Back in September Jo Kwon shocked fans by leaving JYP Entertainment, his label of 16 years, and a few months later joined with Cube Entertainment. Now, Jo Kwon returns to music with his new label and a not-so-new image. As previously examined, there was concern from fans over Jo Kwon choosing to team up with Cube due to the their previous controversies with its treatment of previous and current artists. Jo kwon, however, disagreed and felt that Cube would help enact his vision perfectly, and it looks like that meant doing almost exactly what he did with his last musical project.
For his first step in his newest chapter, Jo Kwon doesn’t take any risks and plays it safe with another heartbreak ballad about a lost love in his digital single titled “Lonely.” There’s nothing terribly unique about this song or MV and it bares similarities to his last comeback single, but that’s not to say that it isn’t still beautiful and well done.
The MV opens with a black piano while Jo Kwon, angelically dressed all in white, is suddenly playing the piano beginning the song. Yu Seon-Ho, Jo Kwon’s fellow labelmate, stars in the MV as an set designer who innocently goes about his day working on a project which is later revealed to be the actual set that Jo Kwon is singing on.
The plot is simplistic and almost appears to be unrelated to the song but there are hints throughout, like sighs and frowns that give away the protagonist’s frustrations. One may think that he’s exhausted from his work but there are also indications of something deeper, like his struggle in choosing a book to read while getting lost in thought and a rose in a bell jar on his work place that’s similar to that of Disney’s Beauty and the Beast.

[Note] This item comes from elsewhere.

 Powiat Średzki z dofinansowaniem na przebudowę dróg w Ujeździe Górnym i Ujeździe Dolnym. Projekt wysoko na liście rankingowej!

The MV, even its purity, manages to subtly tell a story about heartbreak through these little clues.
Going along with the images in the video, the song starts off slow, and builds upon layers as Jo Kwon sings about missing someone who is no longer in his life:
As if I paint on a white canvas
I fill my empty heart with you
The morning glow is beautiful like you
I miss you who colored my heart
The analogy Jo Kwon uses regarding art parallels well with the MV’s plot as the protagonist is creating a set that doesn’t seem to satisfy him. It’s as if to say his creative process isn’t distracting him from the pain that he’s trying to hide. The imagery in the MV is a bit retro with items like typewriters, pencils, and books mixed along with other modern items. This affinity for the classics correlates with the lyrics in which the narrator is longing for the moments they were once together and therefore clinging to a time in the past.
The colors in the MV are soft browns and gray-blues that create a peaceful scene, but it also plays heavily with shadows. Both Jo Kwon and Yu Seon Ho are surrounded by darkness which emphasizes a loneliness and isolation to the viewer from the other characters in the scenes. There are touches of soft glows and it’s especially prominent when the protagonist observes a moon-like orb during the climax of the song, and it symbolizes the narrator’s search for splashes of light that remind him of his now-gone significant other. Once again, the MV is subtle but still artistically depicts it’s message of heartbreak.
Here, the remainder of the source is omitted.